Ben Okri – Nigeria – The youngest author to win the Booker Prize, at the age of thirty two; for his third novel “The Famished Road.” Ben Okri is one of the leading authors of Africa. Okri is hard to categorize within genre. Because of his realism and the depiction of the Spirit World, Okri is best called a magical realist. This goes against any postmodern claim; because of his affinity that there is something ahistorical and transcendent universal truths. That being said Okri does not identify himself as a magical realist, claiming that such a title is lazy on the parts of critics. Okri’s childhood and the belief of different realities has lead to the magical elements of writing and the questioning of a universal reality: “I grew up in a tradition where there are simply more dimensions to reality: legends and myths and ancestors and spirits and death [. . .]” This is why Okri is often compared to other authors like Gabriel Garcia Marquez and Salman Rushdie.

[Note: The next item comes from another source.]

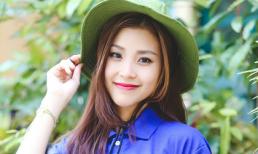 Á hậu Diễm Trang giản dị trong màu áo xanh tình nguyện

Ondjaki – Angola – I mention Ondjaki to humour myself. The author is far too young to win the award, at the age of thirty six. Yet from what I have read, Ondjaki deals heavily with the political situation of Angola. Ondjaki is a rising star of Angola and the African continent. Whose works are a stunning depiction and example of African Letters. I look forward to Ondjaki’s works of the future, and to see what he comes up with.
Middle Easte –
Adunis – Syria – Adunis is the grandfather of all modern Arabic poetry. With the turmoil and civil war happening within Syria thanks to the Arab Spring, Syria has been placed under the microscope; which also brings Adunis to the forefront. The greatest criticism or backlash was when Tomas Transtromer won the Nobel in two-thousand and eleven. Peter Englund the Permanente Secretary of the Swedish Academy had cited that the award is not given on political grounds; citing that such a notion is “literature for dummies.” Still Adunis literary merit alone is grand and prolific. The author has reshaped Arabic poetry, and has become in a sense a rebellious poetic figure; often breaking the rules of established Arabic poetry. Adunis has also helped spread the works of Transtromer in the Arabic world.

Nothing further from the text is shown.